5 rzeczy, których nie wiecie o Grammy 2018

29.11.2017 Patryk Chilewicz

5 rzeczy, których nie wiecie o Grammy 2018

1. Ci, co obeszli się smakiem

Nominacje dla wielu wykonawców były prawdziwą klęską. Największym przegranym jest z pewnością Ed Sheeran, który nie doczekał się żadnej nominacji, mimo że jego album „Divide” z tego roku należy do najlepiej sprzedających się. Podobnie rzecz ma się z Lady Gagą i albumem „Joanne”, Taylor Swift i „Reputation”, Miley Cyrus i „Younger Now” czy Katy Perry i „Witness”. To albumy wzbudzające duże emocje, które nie zostały docenione w głównych kategoriach przez amerykańską Narodową Akademię Sztuki i Techniki Rejestracji.

2. Ci, którzy królują

Jay-Z może pochwalić się w końcu nominacją w najważniejszej kategorii, a więc „album roku”. Krytycy docenili jego płytę „4:44” i wielu stawia, że to on może zgarnąć nagrodę. Raper zawalczy też w kategorii „nagranie roku” z utworem „The Story of O.J.”. Jego głównym rywalem jest Kendrick Lamar, który także został nominowany w najważniejszych kategoriach. Dużym zaskoczeniem jest wyróżnienie dla „Despacito”, które stanęło w szranki w bitwie o „piosenkę roku”. Cieszy wyróżnienie dla SZA, która została zauważona w kategorii debiutantki.

3. Te, których zabrakło

Część z nich pojawiło się już w pierwszym punkcie. W najważniejszych, najbardziej prestiżowych kategoriach zabrakło kobiet. Czyżby żadna z artystek nie zasłużyła na nagrodę w kategoriach „piosenka”, „nagranie” czy „płyta roku”? Jak widać kapituła Grammy właśnie tak sądzi. Nie zgadzamy się z ich zdaniem.

4. Carrie Fisher vs. Bruce Springsteen

Słynna przedwcześnie zmarła aktorka została nominowana w kategorii „słowo mówione” za audiobook swojej autobiografii „Księżniczka po przejściach”. Tym samym nieżyjąca legenda zawalczy z Brucem Springsteenem oraz… Bernim Sandersem. Obaj także przeczytali swoje autobiografie.

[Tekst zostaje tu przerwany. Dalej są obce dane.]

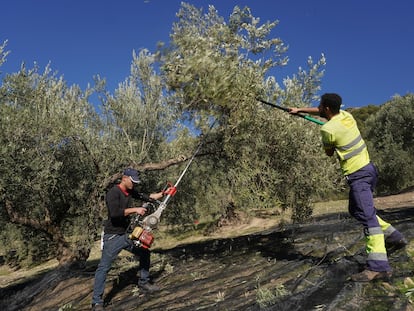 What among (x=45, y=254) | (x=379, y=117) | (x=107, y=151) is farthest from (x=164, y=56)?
(x=379, y=117)

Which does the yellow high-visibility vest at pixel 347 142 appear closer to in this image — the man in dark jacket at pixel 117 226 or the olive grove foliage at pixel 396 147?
the man in dark jacket at pixel 117 226

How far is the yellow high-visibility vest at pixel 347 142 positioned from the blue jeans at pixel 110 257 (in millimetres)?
3706

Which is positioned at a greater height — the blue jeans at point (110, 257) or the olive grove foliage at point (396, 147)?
the olive grove foliage at point (396, 147)

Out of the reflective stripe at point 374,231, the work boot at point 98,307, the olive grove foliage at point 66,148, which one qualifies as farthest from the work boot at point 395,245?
the olive grove foliage at point 66,148

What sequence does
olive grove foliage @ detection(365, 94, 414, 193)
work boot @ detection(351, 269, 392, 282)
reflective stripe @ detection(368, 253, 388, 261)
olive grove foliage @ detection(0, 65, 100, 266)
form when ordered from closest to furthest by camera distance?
work boot @ detection(351, 269, 392, 282), reflective stripe @ detection(368, 253, 388, 261), olive grove foliage @ detection(0, 65, 100, 266), olive grove foliage @ detection(365, 94, 414, 193)

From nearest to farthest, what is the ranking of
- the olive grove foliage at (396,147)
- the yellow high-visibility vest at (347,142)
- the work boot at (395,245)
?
the yellow high-visibility vest at (347,142), the work boot at (395,245), the olive grove foliage at (396,147)

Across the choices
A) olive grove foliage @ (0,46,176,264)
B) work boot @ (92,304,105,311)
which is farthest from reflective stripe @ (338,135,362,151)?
olive grove foliage @ (0,46,176,264)

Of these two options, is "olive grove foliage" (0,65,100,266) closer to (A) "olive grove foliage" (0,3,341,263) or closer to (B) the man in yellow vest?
(A) "olive grove foliage" (0,3,341,263)

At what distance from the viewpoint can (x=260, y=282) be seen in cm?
592

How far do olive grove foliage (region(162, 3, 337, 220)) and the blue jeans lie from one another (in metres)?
2.54

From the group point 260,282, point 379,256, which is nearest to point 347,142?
point 379,256

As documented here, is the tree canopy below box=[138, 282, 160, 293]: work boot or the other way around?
the other way around

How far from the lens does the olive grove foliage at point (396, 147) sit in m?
33.6

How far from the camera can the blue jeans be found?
20.2 feet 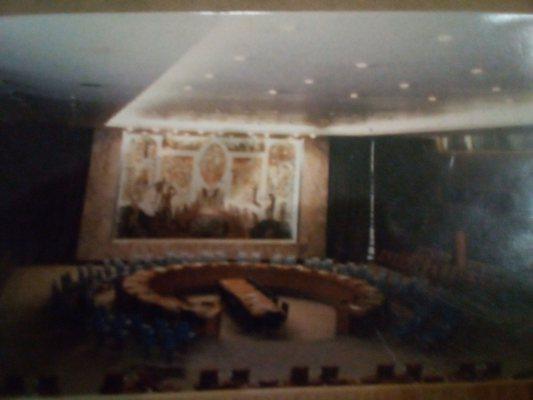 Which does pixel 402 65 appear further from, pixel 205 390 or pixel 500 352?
pixel 205 390

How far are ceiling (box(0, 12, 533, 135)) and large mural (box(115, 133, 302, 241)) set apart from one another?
29 centimetres

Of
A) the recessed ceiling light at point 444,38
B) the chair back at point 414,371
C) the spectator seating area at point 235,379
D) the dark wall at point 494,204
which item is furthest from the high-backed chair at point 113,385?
the recessed ceiling light at point 444,38

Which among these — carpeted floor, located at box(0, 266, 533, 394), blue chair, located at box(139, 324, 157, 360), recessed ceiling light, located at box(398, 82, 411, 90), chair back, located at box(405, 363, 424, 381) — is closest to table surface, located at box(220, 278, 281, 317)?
carpeted floor, located at box(0, 266, 533, 394)

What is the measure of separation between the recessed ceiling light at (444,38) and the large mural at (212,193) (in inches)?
71.9

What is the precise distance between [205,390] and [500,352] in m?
3.03

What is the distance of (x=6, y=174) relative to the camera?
334 cm

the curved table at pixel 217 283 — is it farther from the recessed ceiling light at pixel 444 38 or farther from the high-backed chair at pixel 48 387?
the recessed ceiling light at pixel 444 38

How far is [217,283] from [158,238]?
1490mm

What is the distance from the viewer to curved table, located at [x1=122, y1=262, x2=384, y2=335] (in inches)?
185

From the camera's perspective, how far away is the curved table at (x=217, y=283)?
4.71 m

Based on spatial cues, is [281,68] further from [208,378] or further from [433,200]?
[208,378]

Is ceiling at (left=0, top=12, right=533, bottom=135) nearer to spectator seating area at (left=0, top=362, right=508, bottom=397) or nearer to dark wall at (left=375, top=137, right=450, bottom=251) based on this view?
dark wall at (left=375, top=137, right=450, bottom=251)

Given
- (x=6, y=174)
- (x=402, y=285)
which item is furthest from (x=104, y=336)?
(x=402, y=285)

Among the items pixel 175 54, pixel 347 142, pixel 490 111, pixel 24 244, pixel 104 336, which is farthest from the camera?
pixel 347 142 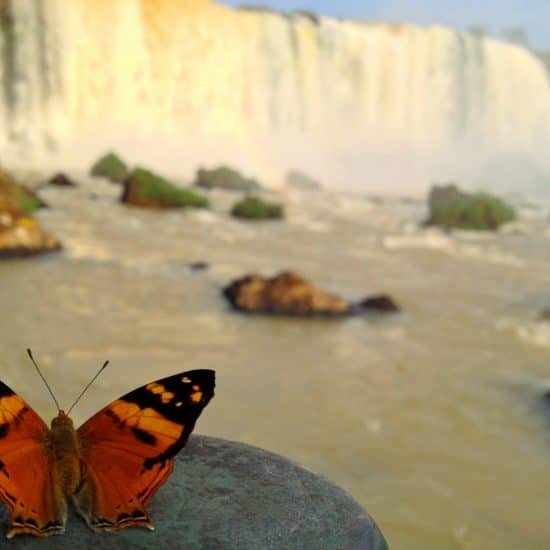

https://www.youtube.com/watch?v=0dQdZxVf8_c

5. Powrót do NYC

Gala od 2003 roku odbywała się w Los Angeles. Teraz, z okazji, 60-lecia nagrody, ta powróci do Nowego Jorku. Dodatkowo za reżyserię wydarzenia odpowiada zaangażowany w walkę o równość rasową (to istotny gest biorąc pod uwagę rasistowskiego prezydenta Trumpa) reżyser Spike Lee. Ceremonię drugi raz z rzędu poprowadzi James Corden.